First Assistant State Public Defender Joseph E. Ehmann authored the petition for review, which is not challenging the conviction, just the sanction against the SPD.
He declined to discuss the pending matter beyond the contents of the petition, which argues the sanction should be vacated on the grounds that the court did not allow the SPD to show cause and also violated due process rights.
The Court of Appeals has until Feb. 18 to file a response, after which time the state Supreme Court will decide whether to grant review.
The Appellate Practice Section of the State Bar supported the challenge and chair G. Michael Halfenger of Foley & Lardner successfully pitched the Board of Governors to unanimously endorse filing an amicus brief.
Halfenger has avoided sanction and sympathized with judges who deal with incomplete briefs and the administrative headaches they can cause.

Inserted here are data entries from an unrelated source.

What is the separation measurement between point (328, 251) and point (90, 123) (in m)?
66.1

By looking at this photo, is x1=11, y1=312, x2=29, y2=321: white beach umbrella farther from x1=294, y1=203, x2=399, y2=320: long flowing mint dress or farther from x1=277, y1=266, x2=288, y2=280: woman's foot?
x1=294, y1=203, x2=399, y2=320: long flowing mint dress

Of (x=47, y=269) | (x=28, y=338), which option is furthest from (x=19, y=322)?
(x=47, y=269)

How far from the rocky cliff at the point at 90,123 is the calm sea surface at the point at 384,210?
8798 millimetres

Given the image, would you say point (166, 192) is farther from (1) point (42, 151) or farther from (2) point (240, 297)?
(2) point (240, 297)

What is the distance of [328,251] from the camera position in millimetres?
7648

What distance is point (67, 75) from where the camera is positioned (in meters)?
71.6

But he also questioned whether the solution is more fines.
“There are circumstances where the rule was violated that at least ought to suggest to the court to pause and tell us why we shouldn’t sanction you before we go ahead and do it,” Halfenger said. “I don’t know that is always the case.”
Hoover acknowledged the increase in sanctions, but said the number isn’t excessive. Appellate judges are not advocating monetary punishment in every case, he said.
In many instances, Hoover said, attorneys are proactive in contacting the court with certification questions, to avoid sanction.
“Attorneys are often not bashful about seeking assistance from the court,” Hoover said. “But I think the rule is there for a reason.”
Dall’Osto said his $150 fine was the first time in his 34 years of practice that he’d ever been fined by the appellate court for improper certification. He doesn’t plan to appeal the sanction, he said.
Still, the court should give attorneys notice of the issue, Dall’Osto said, rather than simply incorporating the fine into the order.
“The client sees the word false and wonders what does that mean?” he said. “I don’t care what the court wants, but just tell me.”